BEGIN
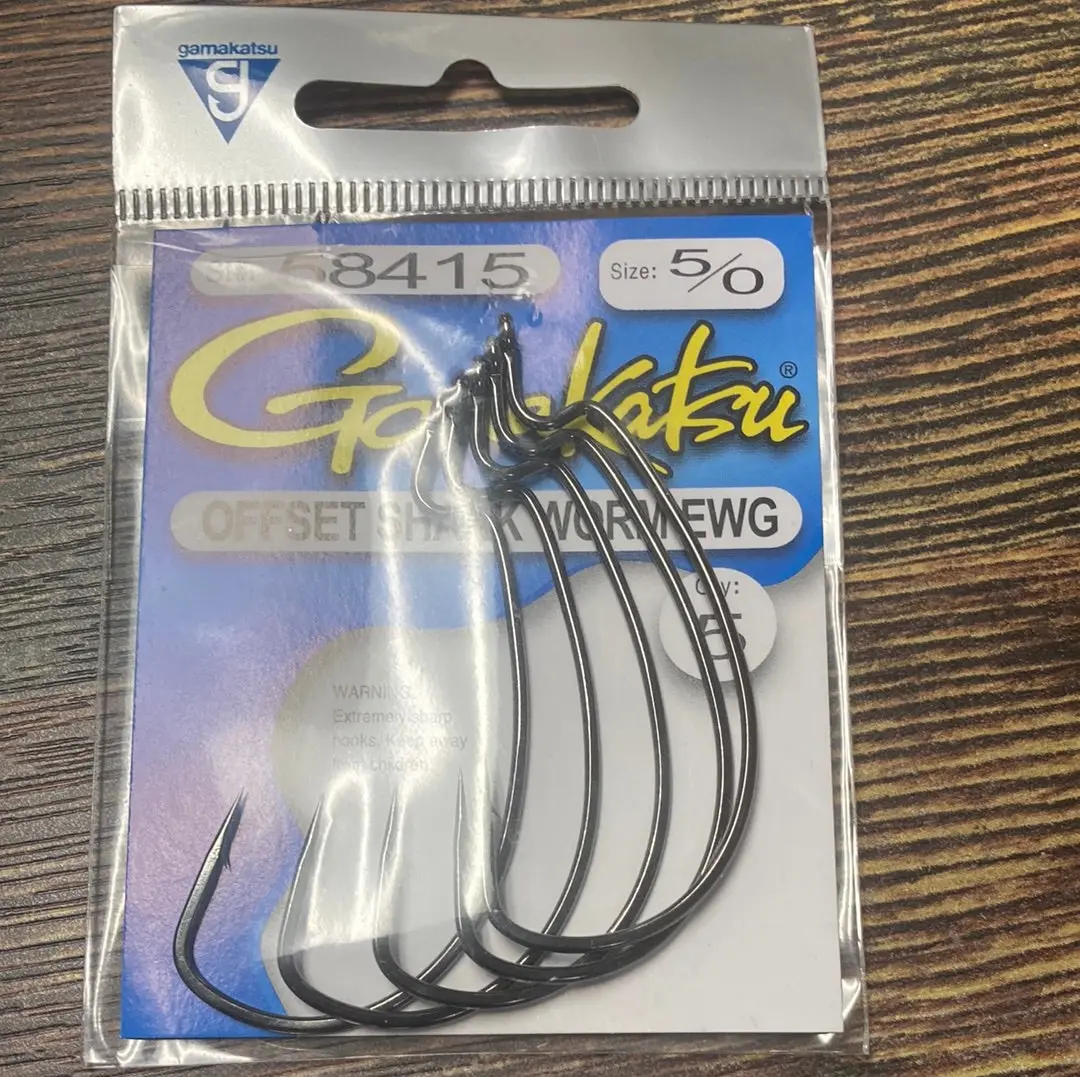 Gamakatsu Offset Shake Worm EWG 5/0 Gamakatsu Offset Shake Worm EWG 5/0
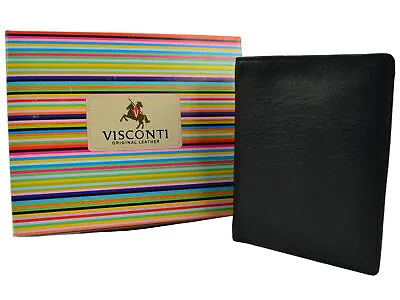 Qualité Hommes Compact Portefeuille Cuir Par Visconti; Bond Collection Coffret • $28.32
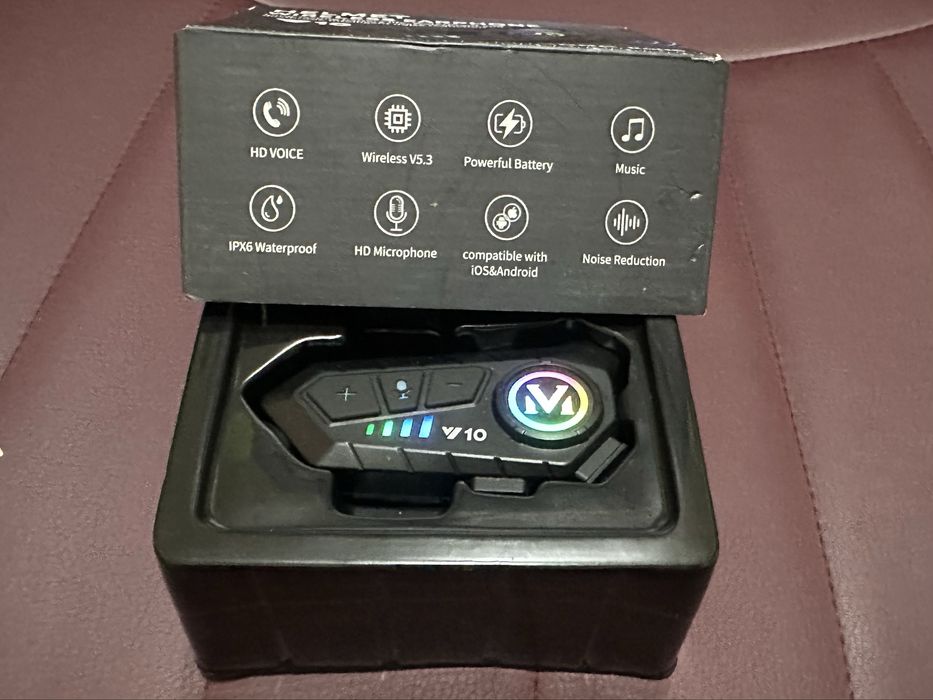 Чисто нов интерком/слушалка за моторна каска Y10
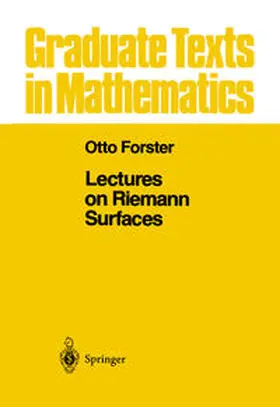 Forster |  Lectures on Riemann Surfaces | eBook | Sack Fachmedien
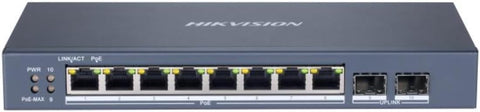 Hikvision Digital Technology DS-3E1510P-SI network switch Managed L2 Gigabit Ethernet (10/100/1000) Power over Ethernet (PoE) Black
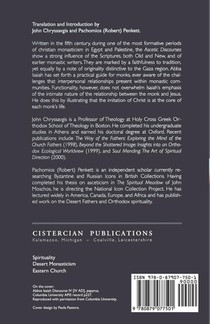 Ascetic Discourses achterzijde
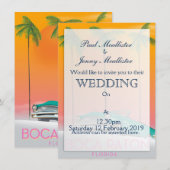 ボカラトンフロリダ旅行ポスター。 招待状 (正面/裏面)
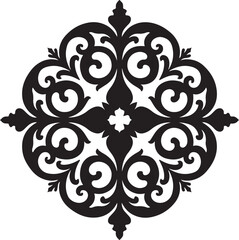 floral Ornate Tattoos Damask Medallion Stencil  vector design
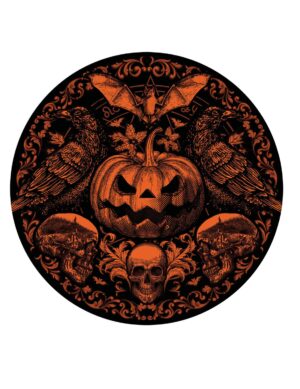 6 Halloween Teller Kürbismotif 23 cm
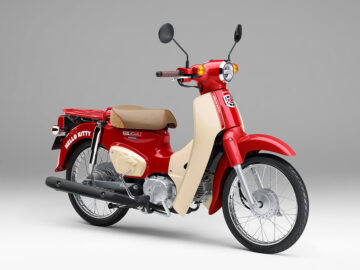 ホンダ　スーパーカブ５０・ハローキティ　５０周年記念モデルの画像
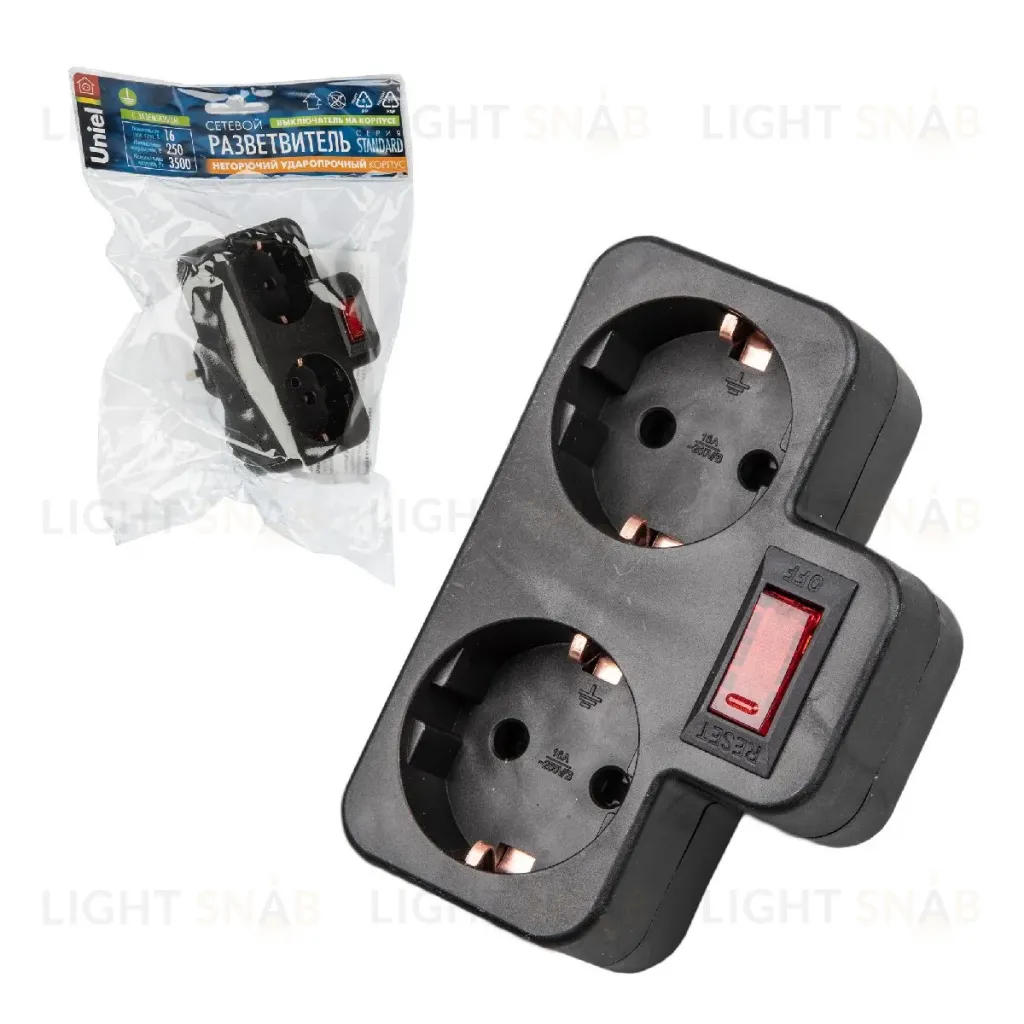 Сетевой разветвитель Uniel S-GES2-16PB BLACK UL-00011244 S-GES2-16PB BLACK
END
● What to work on
Reproduce the data above exactly, leaving each picture out.

● Solution for this exercise
 Gamakatsu Offset Shake Worm EWG 5/0 Gamakatsu Offset Shake Worm EWG 5/0
 Qualité Hommes Compact Portefeuille Cuir Par Visconti; Bond Collection Coffret • $28.32
 Чисто нов интерком/слушалка за моторна каска Y10
 Forster |  Lectures on Riemann Surfaces | eBook | Sack Fachmedien
 Hikvision Digital Technology DS-3E1510P-SI network switch Managed L2 Gigabit Ethernet (10/100/1000) Power over Ethernet (PoE) Black
 Ascetic Discourses achterzijde
 ボカラトンフロリダ旅行ポスター。 招待状 (正面/裏面)
 floral Ornate Tattoos Damask Medallion Stencil  vector design
 6 Halloween Teller Kürbismotif 23 cm
 ホンダ　スーパーカブ５０・ハローキティ　５０周年記念モデルの画像
 Сетевой разветвитель Uniel S-GES2-16PB BLACK UL-00011244 S-GES2-16PB BLACK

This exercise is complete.